Each line below should be written out again without any change.

##########

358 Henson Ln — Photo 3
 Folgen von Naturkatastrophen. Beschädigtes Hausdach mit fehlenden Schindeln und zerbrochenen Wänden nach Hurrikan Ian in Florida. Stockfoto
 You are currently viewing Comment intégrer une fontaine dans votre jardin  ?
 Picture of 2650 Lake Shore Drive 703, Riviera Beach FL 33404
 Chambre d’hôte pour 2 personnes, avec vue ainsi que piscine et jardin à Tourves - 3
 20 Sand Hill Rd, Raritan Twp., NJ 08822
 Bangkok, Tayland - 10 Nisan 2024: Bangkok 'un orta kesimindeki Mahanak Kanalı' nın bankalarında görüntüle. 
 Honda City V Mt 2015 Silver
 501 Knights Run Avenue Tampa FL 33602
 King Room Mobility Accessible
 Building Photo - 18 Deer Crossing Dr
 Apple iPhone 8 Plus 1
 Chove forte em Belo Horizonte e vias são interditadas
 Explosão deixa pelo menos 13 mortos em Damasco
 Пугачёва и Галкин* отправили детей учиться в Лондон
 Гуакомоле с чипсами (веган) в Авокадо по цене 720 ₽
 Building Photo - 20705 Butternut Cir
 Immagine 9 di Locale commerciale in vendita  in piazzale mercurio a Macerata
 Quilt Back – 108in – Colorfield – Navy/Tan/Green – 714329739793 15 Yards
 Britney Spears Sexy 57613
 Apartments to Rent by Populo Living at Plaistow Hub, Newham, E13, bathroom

##########

Response:
358 Henson Ln — Photo 3
 Folgen von Naturkatastrophen. Beschädigtes Hausdach mit fehlenden Schindeln und zerbrochenen Wänden nach Hurrikan Ian in Florida. Stockfoto
 You are currently viewing Comment intégrer une fontaine dans votre jardin  ?
 Picture of 2650 Lake Shore Drive 703, Riviera Beach FL 33404
 Chambre d’hôte pour 2 personnes, avec vue ainsi que piscine et jardin à Tourves - 3
 20 Sand Hill Rd, Raritan Twp., NJ 08822
 Bangkok, Tayland - 10 Nisan 2024: Bangkok 'un orta kesimindeki Mahanak Kanalı' nın bankalarında görüntüle. 
 Honda City V Mt 2015 Silver
 501 Knights Run Avenue Tampa FL 33602
 King Room Mobility Accessible
 Building Photo - 18 Deer Crossing Dr
 Apple iPhone 8 Plus 1
 Chove forte em Belo Horizonte e vias são interditadas
 Explosão deixa pelo menos 13 mortos em Damasco
 Пугачёва и Галкин* отправили детей учиться в Лондон
 Гуакомоле с чипсами (веган) в Авокадо по цене 720 ₽
 Building Photo - 20705 Butternut Cir
 Immagine 9 di Locale commerciale in vendita  in piazzale mercurio a Macerata
 Quilt Back – 108in – Colorfield – Navy/Tan/Green – 714329739793 15 Yards
 Britney Spears Sexy 57613
 Apartments to Rent by Populo Living at Plaistow Hub, Newham, E13, bathroom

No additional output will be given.